Could you set down exactly the lines in the records below between the line holding "17877 Bond Avenue, Overland" and the line holding "[西丽中心区地区]法定图则0", inclusive?

Source records>
______________________________
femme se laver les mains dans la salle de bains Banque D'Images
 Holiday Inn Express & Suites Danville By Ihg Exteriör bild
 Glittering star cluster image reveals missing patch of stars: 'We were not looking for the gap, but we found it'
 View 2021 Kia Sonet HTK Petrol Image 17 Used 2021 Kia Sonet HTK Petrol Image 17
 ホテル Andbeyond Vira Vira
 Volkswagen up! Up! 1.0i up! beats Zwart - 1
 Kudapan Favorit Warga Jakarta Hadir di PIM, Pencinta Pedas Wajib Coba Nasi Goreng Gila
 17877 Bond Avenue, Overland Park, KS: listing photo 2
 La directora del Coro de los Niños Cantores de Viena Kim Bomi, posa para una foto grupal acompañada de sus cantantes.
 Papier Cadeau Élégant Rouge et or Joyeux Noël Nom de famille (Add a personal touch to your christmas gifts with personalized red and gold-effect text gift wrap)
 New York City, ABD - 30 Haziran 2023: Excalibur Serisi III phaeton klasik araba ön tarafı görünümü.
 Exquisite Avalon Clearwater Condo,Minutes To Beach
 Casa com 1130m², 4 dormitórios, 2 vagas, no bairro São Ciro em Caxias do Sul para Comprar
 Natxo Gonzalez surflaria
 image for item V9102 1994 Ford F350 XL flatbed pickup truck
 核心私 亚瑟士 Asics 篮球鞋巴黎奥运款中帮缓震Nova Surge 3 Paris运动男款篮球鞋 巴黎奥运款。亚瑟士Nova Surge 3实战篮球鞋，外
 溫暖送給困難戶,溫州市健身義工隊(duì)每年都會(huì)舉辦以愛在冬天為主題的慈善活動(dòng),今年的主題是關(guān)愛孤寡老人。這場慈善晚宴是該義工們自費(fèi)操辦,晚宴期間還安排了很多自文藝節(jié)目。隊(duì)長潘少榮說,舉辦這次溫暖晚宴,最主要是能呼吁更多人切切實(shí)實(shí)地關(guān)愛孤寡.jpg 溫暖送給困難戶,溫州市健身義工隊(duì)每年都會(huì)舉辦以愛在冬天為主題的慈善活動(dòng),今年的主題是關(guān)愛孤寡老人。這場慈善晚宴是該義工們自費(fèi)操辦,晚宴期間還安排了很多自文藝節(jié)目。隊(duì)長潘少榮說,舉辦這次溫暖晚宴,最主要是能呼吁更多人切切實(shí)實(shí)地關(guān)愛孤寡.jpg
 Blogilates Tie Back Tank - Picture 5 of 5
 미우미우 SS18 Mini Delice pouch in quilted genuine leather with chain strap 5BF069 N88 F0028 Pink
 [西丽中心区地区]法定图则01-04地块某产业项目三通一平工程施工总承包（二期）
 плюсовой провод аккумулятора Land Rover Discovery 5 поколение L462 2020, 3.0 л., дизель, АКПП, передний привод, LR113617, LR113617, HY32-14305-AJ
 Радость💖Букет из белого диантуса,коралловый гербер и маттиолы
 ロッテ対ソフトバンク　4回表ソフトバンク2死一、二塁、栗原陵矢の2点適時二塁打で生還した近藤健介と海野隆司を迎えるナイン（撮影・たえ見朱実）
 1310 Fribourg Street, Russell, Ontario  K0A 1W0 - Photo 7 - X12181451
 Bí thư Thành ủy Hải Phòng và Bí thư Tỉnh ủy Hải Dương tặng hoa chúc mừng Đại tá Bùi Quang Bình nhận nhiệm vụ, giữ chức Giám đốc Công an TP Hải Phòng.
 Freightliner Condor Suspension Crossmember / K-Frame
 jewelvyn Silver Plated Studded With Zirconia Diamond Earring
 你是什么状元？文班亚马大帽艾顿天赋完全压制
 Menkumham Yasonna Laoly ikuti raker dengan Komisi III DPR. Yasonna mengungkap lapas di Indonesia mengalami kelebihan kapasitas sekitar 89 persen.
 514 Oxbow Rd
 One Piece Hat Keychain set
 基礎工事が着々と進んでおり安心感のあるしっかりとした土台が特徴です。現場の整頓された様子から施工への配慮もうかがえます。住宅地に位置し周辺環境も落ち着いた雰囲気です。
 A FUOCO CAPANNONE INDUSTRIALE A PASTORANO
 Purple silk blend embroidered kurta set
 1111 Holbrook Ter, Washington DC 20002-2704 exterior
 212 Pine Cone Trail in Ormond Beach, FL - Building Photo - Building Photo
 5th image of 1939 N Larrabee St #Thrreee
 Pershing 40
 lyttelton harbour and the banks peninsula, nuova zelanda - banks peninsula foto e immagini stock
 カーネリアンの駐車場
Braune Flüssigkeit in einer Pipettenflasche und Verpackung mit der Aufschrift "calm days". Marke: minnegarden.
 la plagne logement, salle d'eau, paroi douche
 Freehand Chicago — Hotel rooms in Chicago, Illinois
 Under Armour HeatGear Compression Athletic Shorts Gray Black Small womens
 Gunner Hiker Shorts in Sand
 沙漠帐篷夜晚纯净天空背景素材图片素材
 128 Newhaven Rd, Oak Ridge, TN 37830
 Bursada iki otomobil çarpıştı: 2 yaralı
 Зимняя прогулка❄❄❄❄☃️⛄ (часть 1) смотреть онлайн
______________________________
Worked solution>
 17877 Bond Avenue, Overland Park, KS: listing photo 2
 La directora del Coro de los Niños Cantores de Viena Kim Bomi, posa para una foto grupal acompañada de sus cantantes.
 Papier Cadeau Élégant Rouge et or Joyeux Noël Nom de famille (Add a personal touch to your christmas gifts with personalized red and gold-effect text gift wrap)
 New York City, ABD - 30 Haziran 2023: Excalibur Serisi III phaeton klasik araba ön tarafı görünümü.
 Exquisite Avalon Clearwater Condo,Minutes To Beach
 Casa com 1130m², 4 dormitórios, 2 vagas, no bairro São Ciro em Caxias do Sul para Comprar
 Natxo Gonzalez surflaria
 image for item V9102 1994 Ford F350 XL flatbed pickup truck
 核心私 亚瑟士 Asics 篮球鞋巴黎奥运款中帮缓震Nova Surge 3 Paris运动男款篮球鞋 巴黎奥运款。亚瑟士Nova Surge 3实战篮球鞋，外
 溫暖送給困難戶,溫州市健身義工隊(duì)每年都會(huì)舉辦以愛在冬天為主題的慈善活動(dòng),今年的主題是關(guān)愛孤寡老人。這場慈善晚宴是該義工們自費(fèi)操辦,晚宴期間還安排了很多自文藝節(jié)目。隊(duì)長潘少榮說,舉辦這次溫暖晚宴,最主要是能呼吁更多人切切實(shí)實(shí)地關(guān)愛孤寡.jpg 溫暖送給困難戶,溫州市健身義工隊(duì)每年都會(huì)舉辦以愛在冬天為主題的慈善活動(dòng),今年的主題是關(guān)愛孤寡老人。這場慈善晚宴是該義工們自費(fèi)操辦,晚宴期間還安排了很多自文藝節(jié)目。隊(duì)長潘少榮說,舉辦這次溫暖晚宴,最主要是能呼吁更多人切切實(shí)實(shí)地關(guān)愛孤寡.jpg
 Blogilates Tie Back Tank - Picture 5 of 5
 미우미우 SS18 Mini Delice pouch in quilted genuine leather with chain strap 5BF069 N88 F0028 Pink
 [西丽中心区地区]法定图则01-04地块某产业项目三通一平工程施工总承包（二期）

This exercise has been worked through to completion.